> _What the task asks_
From the material below, copy exactly the lines beginning with the one that contains "Aloha Vintage Palaka" and ending with the one that contains "J8B F BLACK 4"; the pictures stay out.

> _Data shown_

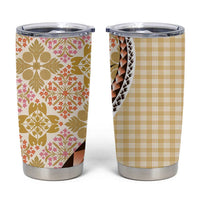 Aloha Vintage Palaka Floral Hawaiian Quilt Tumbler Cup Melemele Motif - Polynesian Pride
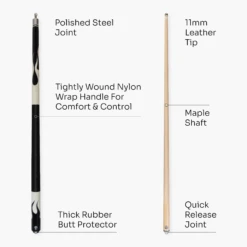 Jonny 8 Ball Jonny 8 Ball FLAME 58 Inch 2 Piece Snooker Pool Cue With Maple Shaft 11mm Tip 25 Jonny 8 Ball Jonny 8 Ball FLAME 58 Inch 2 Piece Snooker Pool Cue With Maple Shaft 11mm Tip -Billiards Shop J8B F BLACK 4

...

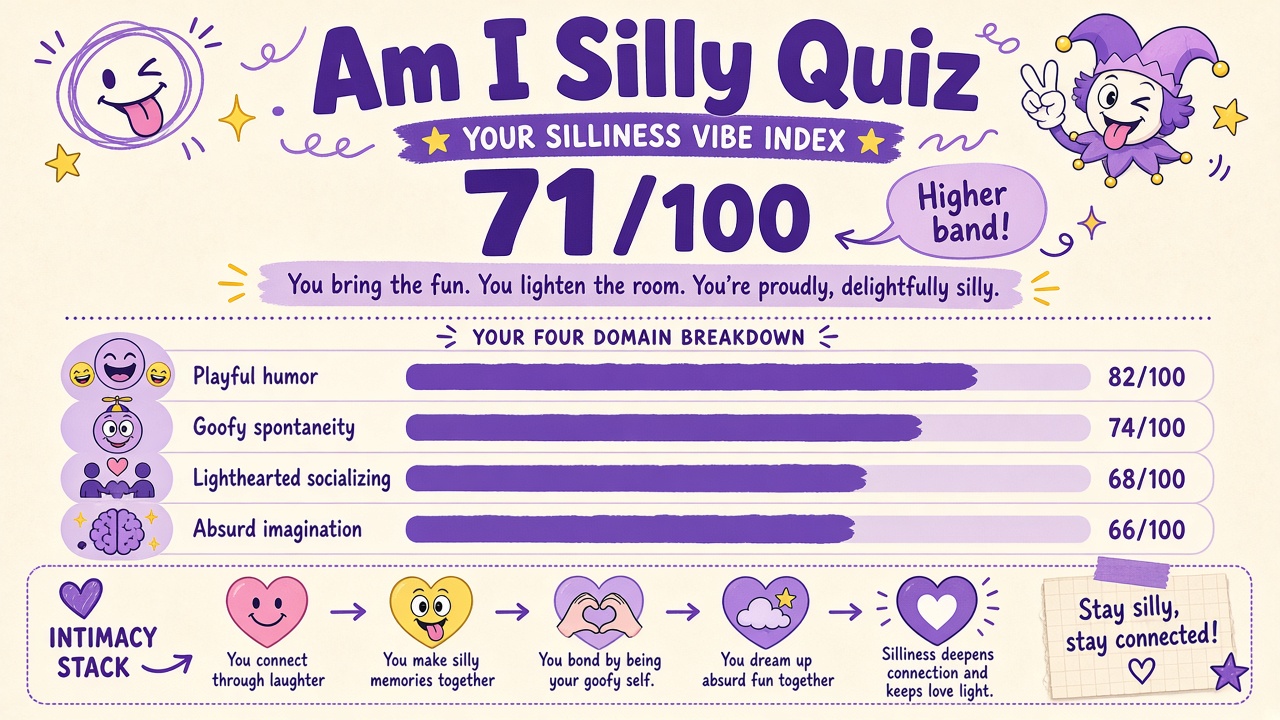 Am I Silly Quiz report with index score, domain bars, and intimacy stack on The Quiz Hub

--

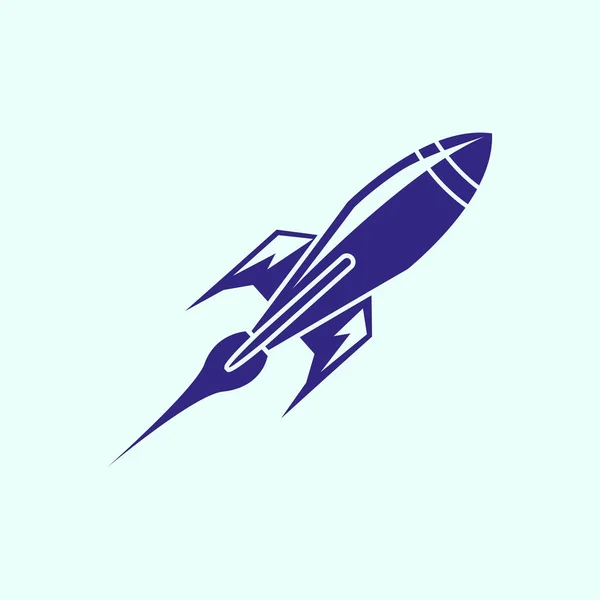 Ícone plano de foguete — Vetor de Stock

> _Output_
 Aloha Vintage Palaka Floral Hawaiian Quilt Tumbler Cup Melemele Motif - Polynesian Pride
 Jonny 8 Ball Jonny 8 Ball FLAME 58 Inch 2 Piece Snooker Pool Cue With Maple Shaft 11mm Tip 25 Jonny 8 Ball Jonny 8 Ball FLAME 58 Inch 2 Piece Snooker Pool Cue With Maple Shaft 11mm Tip -Billiards Shop J8B F BLACK 4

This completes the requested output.